The Magical RBS (Almost) Recovery

As the issue prevailed, the bank decided to cut down their costs by £2 billion dollars over the course of 4 years. As the decision was made in 2015, the coming years witnessed a lot of job losses and branch closures. Ross McEwan, the Chief Executive of the bank said in an interview with BBC that the closing of branches and cutting of jobs was inevitable. He further added that their staff and their policies are changing for the good and they hope to recover from their losses soon.

The bank, that is 72% owned by the UK Government, has suffered a total loss of more than £50 billion. The second greatest loss that follows was the one amounting to £45.5 billion which was the taxpayer bailout made during the financial crisis.

Though the bank finally made its first profit in a decade, the penalty to be paid to the US authorities still looms over the bank, overshadowing the profits.

After all this chaos, it’s become difficult for the customers to trust their commercial banks before making an important financial decision. As opposed to earlier times when banks were considered as one of the most trusted financial advisors, it seems that the banks in the UK have lost that reputation with their loyal customers.

What Can Banks Do Now to Regain Their Customers’ Trust?

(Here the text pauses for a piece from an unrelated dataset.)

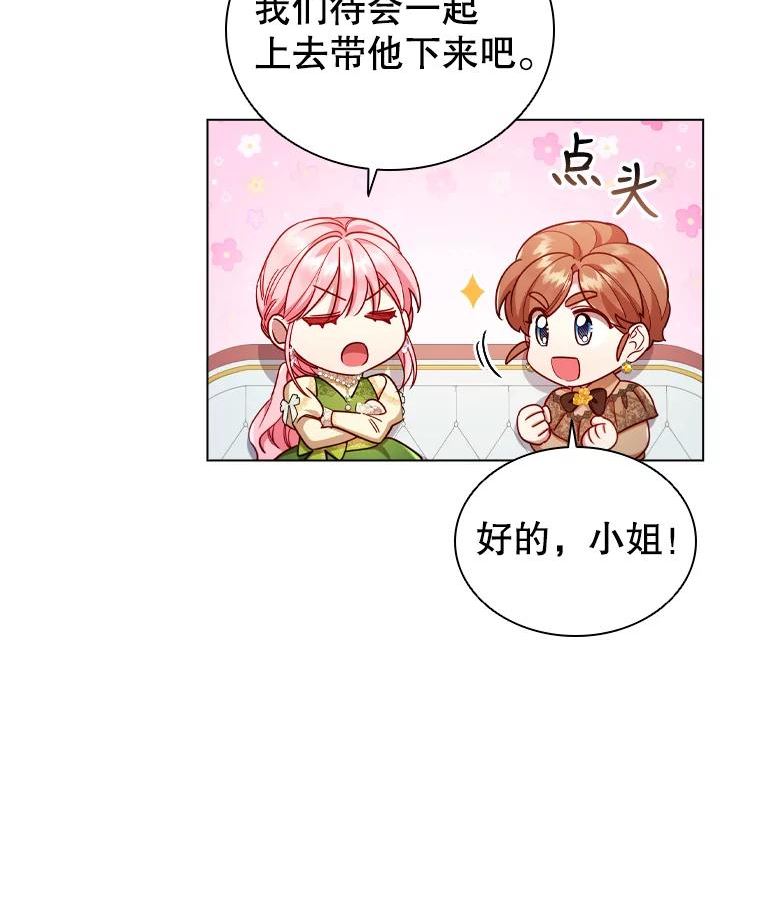 离婚后成为财阀漫画免费阅读漫画,56.心动42图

Though the banks have been working day and night to make sure that their clients get their compensation back, the damage is so huge and the actions have been so manipulative that every customer would now think several times before consulting their bank for financial help.

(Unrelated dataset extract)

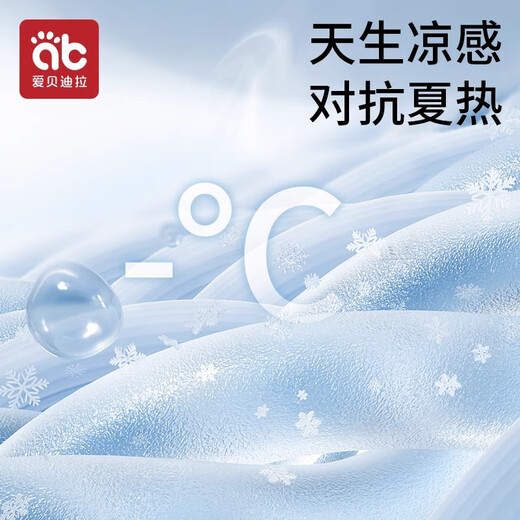 Aibedila Children's Sun Protection Clothing for Boys and Girls Summer 2025 New Baby Lightweight Ice Silk Sun Protection Clothing Tang Pink Cat-Upgraded Hooded Sun Protection Clothing 100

All the commercial banks and card companies can now do to instil trust in their customers is solve all the mis-selling cases as soon as possible. There are banks that are still slacking in their approach, waiting for the deadline to arrive so they are freed from the burden. But surely trust of their customers is more important than the money they would save.

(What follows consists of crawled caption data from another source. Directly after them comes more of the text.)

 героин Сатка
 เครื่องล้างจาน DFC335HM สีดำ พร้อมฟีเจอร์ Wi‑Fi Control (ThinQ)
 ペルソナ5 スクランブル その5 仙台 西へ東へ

Some banks are already taking steps to improve their tarnished image. Lloyds, possibly the biggest offender, is reported to give extra dividend to their shareholders out of the profit made in the latest financial year.

This was an important step for their hugely affected shareholders. This step has marked the beginning of the trend the banks that have now started to reap in profits are likely to follow to improve their image.

However, no matter how hard the banks try to compensate for the damage they caused more than a decade ago, the customers would never have full faith in the financial institutions. This doesn't seem to end anytime soon either, as there are still millions of mis-sold buyers waiting for their claims to be passed by the banks and to receive the refund amount on time.